EXERCISE BRIEF: Beginning with the line of the entries below that holds "足球明星跨界演绎精彩人生电视剧中的绿茵传奇与情感交织" and ending with the line that holds "上海市人民政府关于修改《上海市城镇环境卫生设施设置规定》的决定", transcribe each line exactly as written. Pictures stay out.

GIVEN ENTRIES:
↓↓↓

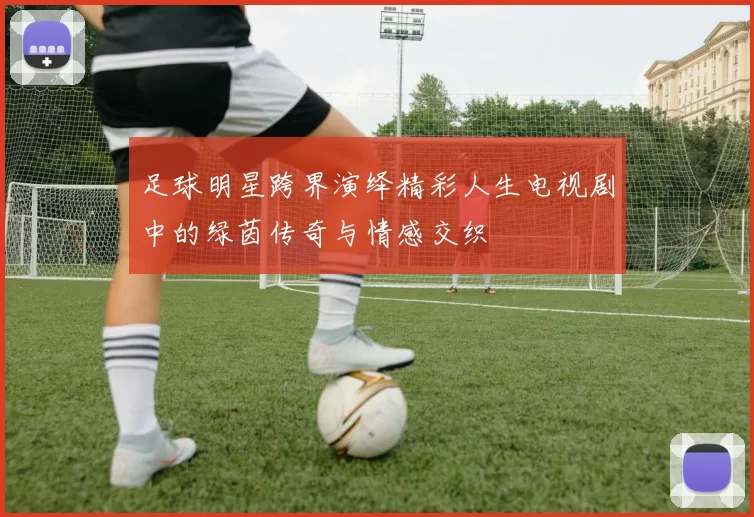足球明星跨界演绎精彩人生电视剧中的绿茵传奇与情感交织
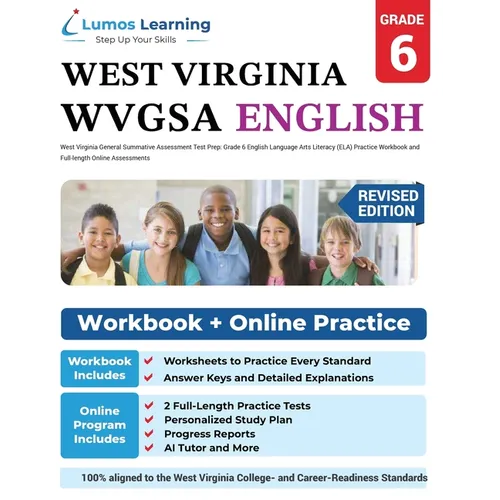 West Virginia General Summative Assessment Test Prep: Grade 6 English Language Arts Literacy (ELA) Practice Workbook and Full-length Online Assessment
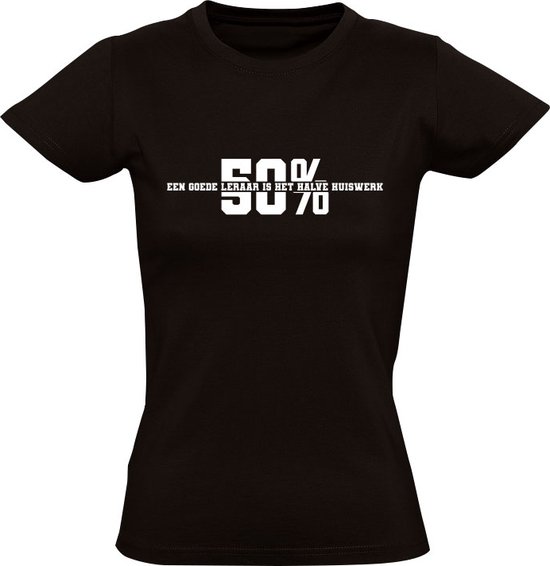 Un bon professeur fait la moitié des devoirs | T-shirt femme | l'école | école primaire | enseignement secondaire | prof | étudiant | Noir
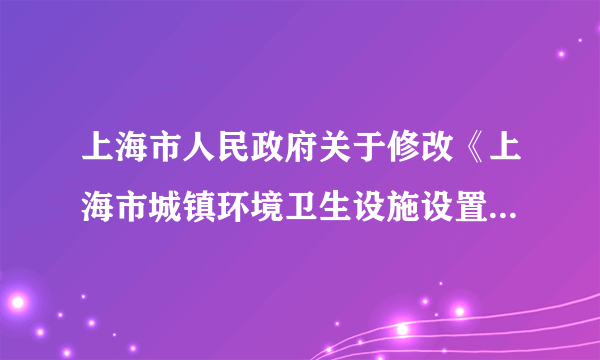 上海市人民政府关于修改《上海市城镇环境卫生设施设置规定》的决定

↑↑↑
↓↓↓

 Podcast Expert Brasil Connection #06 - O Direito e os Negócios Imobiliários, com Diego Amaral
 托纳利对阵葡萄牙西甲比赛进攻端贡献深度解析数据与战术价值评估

↑↑↑

REPLY:
足球明星跨界演绎精彩人生电视剧中的绿茵传奇与情感交织
 West Virginia General Summative Assessment Test Prep: Grade 6 English Language Arts Literacy (ELA) Practice Workbook and Full-length Online Assessment
 Un bon professeur fait la moitié des devoirs | T-shirt femme | l'école | école primaire | enseignement secondaire | prof | étudiant | Noir
 上海市人民政府关于修改《上海市城镇环境卫生设施设置规定》的决定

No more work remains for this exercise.